NATO uruchamia art. 4. „Zdecydowaliśmy się podjąć dodatkowe kroki”
„Dziś przeprowadziliśmy konsultacje na podstawie art. 4 Traktatu Waszyngtońskiego. Zgodnie z naszym planem obronnym, aby chronić wszystkich sojuszników, zdecydowaliśmy się podjąć dodatkowe kroki w celu dalszego wzmocnienia odstraszania i obrony w całym Sojuszu. Nasze środki są i pozostają zapobiegawcze, proporcjonalne i nieeskalacyjne” – czytamy. Na wschodnią flankę mają zostać wysłane dodatkowe siły.
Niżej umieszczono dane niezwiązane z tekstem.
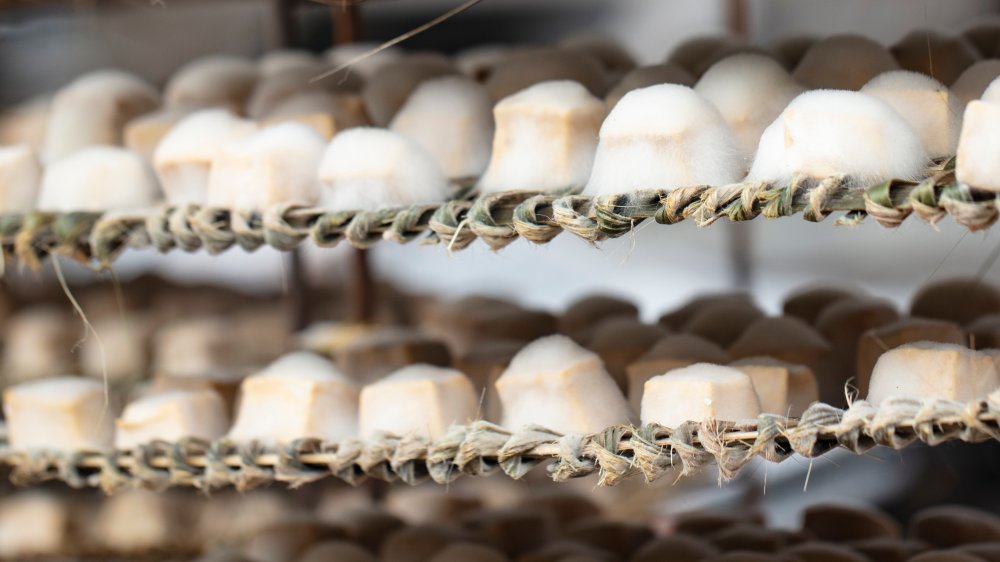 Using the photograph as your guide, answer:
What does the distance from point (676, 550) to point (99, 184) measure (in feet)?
2.57

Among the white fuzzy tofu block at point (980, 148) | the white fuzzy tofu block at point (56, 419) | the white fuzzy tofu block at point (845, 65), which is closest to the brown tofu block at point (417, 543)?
the white fuzzy tofu block at point (56, 419)

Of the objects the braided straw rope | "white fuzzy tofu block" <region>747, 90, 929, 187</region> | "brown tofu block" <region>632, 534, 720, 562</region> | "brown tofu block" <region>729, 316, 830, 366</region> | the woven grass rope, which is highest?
"white fuzzy tofu block" <region>747, 90, 929, 187</region>

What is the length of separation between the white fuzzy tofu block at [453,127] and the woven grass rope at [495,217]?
10 centimetres

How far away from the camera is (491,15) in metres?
2.80

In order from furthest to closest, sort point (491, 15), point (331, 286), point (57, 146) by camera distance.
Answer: point (491, 15)
point (331, 286)
point (57, 146)

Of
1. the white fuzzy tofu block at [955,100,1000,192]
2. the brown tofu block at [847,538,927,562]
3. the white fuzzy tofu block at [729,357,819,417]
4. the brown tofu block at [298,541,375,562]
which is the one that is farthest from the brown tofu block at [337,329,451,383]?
the white fuzzy tofu block at [955,100,1000,192]

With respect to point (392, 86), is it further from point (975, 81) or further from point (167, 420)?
point (975, 81)

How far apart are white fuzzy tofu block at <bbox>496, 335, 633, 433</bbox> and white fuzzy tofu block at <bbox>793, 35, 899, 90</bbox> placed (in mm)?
360

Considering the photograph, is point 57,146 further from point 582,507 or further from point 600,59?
point 582,507

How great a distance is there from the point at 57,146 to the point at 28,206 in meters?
0.16

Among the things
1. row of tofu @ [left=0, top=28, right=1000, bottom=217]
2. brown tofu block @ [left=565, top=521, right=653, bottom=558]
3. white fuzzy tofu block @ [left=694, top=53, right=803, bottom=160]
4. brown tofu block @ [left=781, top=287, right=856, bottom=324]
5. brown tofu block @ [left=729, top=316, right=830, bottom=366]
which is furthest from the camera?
brown tofu block @ [left=781, top=287, right=856, bottom=324]

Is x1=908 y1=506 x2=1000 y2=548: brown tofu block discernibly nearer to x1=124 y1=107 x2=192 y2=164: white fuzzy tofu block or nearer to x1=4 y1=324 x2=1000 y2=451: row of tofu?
x1=4 y1=324 x2=1000 y2=451: row of tofu

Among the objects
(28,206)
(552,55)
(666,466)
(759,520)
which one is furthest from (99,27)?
(666,466)

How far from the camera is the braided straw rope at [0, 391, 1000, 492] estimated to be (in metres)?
0.93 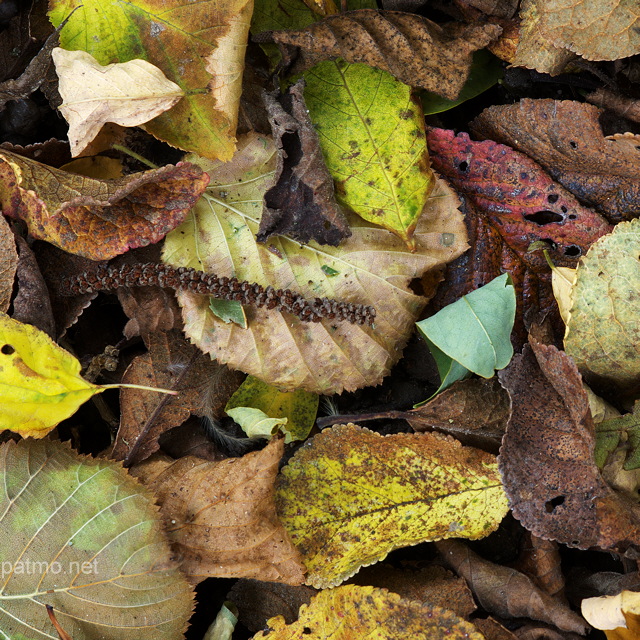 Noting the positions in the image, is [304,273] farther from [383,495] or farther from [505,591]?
[505,591]

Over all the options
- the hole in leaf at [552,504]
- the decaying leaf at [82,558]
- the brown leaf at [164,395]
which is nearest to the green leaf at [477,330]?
the hole in leaf at [552,504]

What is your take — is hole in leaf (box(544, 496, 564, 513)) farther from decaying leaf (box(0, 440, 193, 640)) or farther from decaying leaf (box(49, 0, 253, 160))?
decaying leaf (box(49, 0, 253, 160))

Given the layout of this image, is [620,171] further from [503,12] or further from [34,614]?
[34,614]

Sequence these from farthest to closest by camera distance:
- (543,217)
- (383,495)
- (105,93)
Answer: (543,217) → (383,495) → (105,93)

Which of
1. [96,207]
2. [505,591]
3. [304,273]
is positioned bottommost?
[505,591]

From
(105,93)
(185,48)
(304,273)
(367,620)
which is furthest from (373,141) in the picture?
(367,620)

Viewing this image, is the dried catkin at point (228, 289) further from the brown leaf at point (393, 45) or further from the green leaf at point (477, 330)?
the brown leaf at point (393, 45)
Polska wnioskowała o art. 4
O uruchomienie art. 4 wnioskowała m.in. Polska. Na konferencji prasowej w czwartek rano, w związku z agresją Rosji na Ukrainę, rzecznik polskiego rządu przekazał, że zostały wszczęte procedury, które są przewidziane w takich sytuacjach. – Przed chwilą została wydana dyspozycja do naszego stałego przedstawiciela przy NATO, o to, aby uruchomił art. 4 Traktatu Waszyngtońskiego, czyli wspólnego spotkania i monitorowania sytuacji – potencjalnego, ale możliwego rzeczywistego naruszenia granic sojuszu północnoatlantyckiego – podał Piotr Muller. – Będziemy domagać się tego, aby Rada Europejska, wszystkie państwa, nałożyły daleko idące sankcje wobec Rosji, aby odczuła to Rosja w sposób polityczny i ekonomiczny, by powstrzymać Putina przed aneksją kolejnego kraju – mówił. – Społeczność narodowa musi być jednomyślna i wysłać jeden sygnał – podkreślił.